Steen Munch refused to divulge any details on the buyer, but insisted that "the painting is in good hands" and that it had not been damaged during the time it was missing.

The work, a self-portrait of Rembrandt that has been valued at some 225 million Danish kroner (37 million dollars, 30.2 million euros), was stolen along with two paintings by French impressionist Pierre-Auguste Renoir in an armed heist at Sweden's National Museum on December 22, 2000.

Just five minutes before closing, three masked and heavily armed men walked into the museum, in the center of the Swedish capital, and snatched the precious artworks from the walls as crowds of witnesses looked on.

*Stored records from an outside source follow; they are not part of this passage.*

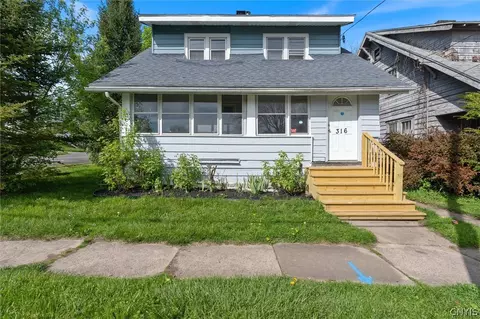316 Griffiths St, Syracuse, NY 13208
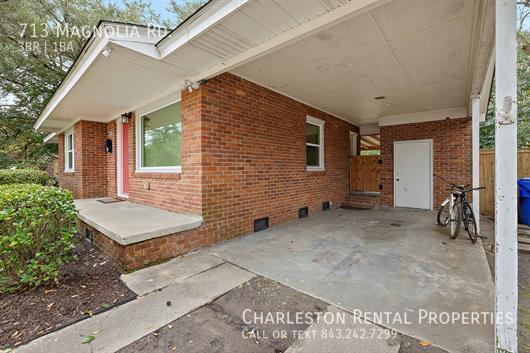 Building Photo - 713 Magnolia Rd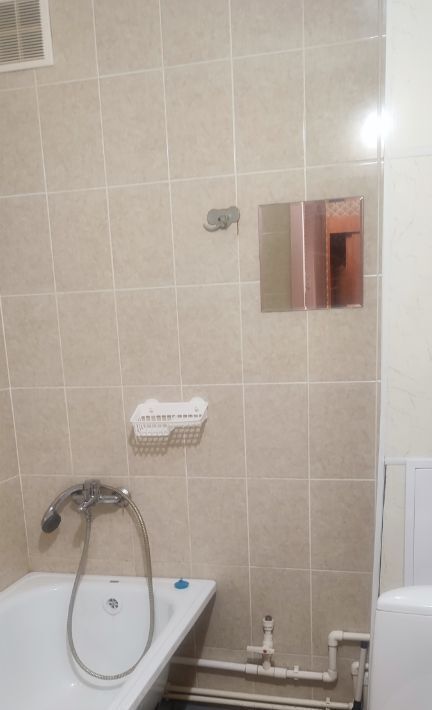 квартира г Волгоград р-н Советский ул. Добрушина, 10 фото 3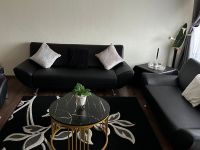 Couch mit Teppich verkauft ist sehr neuer. Münster (Westfalen) - Mauritz Vorschau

The three robbers threw spikes onto the road to slow the police chase and set several parked cars on fire before jumping into a speedboat waiting for them at the waterfront museum and fleeing into the darkness.

Investigators recovered the boat about two hours later, on the banks of the Maelar lake in southern Stockholm, but the three men and the paintings had vanished.

The four men arrested on Thursday, two Iraqi brothers, one Swede and a Gambian national, had been trying to sell the master's self portrait for a mere 200,000 dollars (164,000 euros), according to a statement from a local court that remanded them in custody on Friday.

One of the Renoirs, "Conversation", was found in central Stockholm on April 5, 2001, by police investigating a drugs case, but the French painter's "Young Parisian" remains missing.

According to Steen Munch, Danish police have no information on the whereabouts of the missing Renoir.

Nine men have already been handed heavy prison sentences in Sweden for their involvement in the spectacular heist, with a 47-year-old Swede currently serving an eight-year sentence for masterminding the robbery.

Steen Munch refused to comment on whether the four men arrested in Copenhagen were suspected of being linked to the Stockholm robbery.

"We are overjoyed," National Museum spokeswoman Lena Munther told AFP after receiving word from Danish police that the Rembrandt had been recovered.

The timing was especially good, she said, since "this portrait plays a central role in a new exhibit opening next week", entitled "The Dutch golden age. Rembrandt, Frans Hals and their contemporaries".

"We hope we get it back in time for the opening ... on September 22 ... but we don't know yet," Munther added.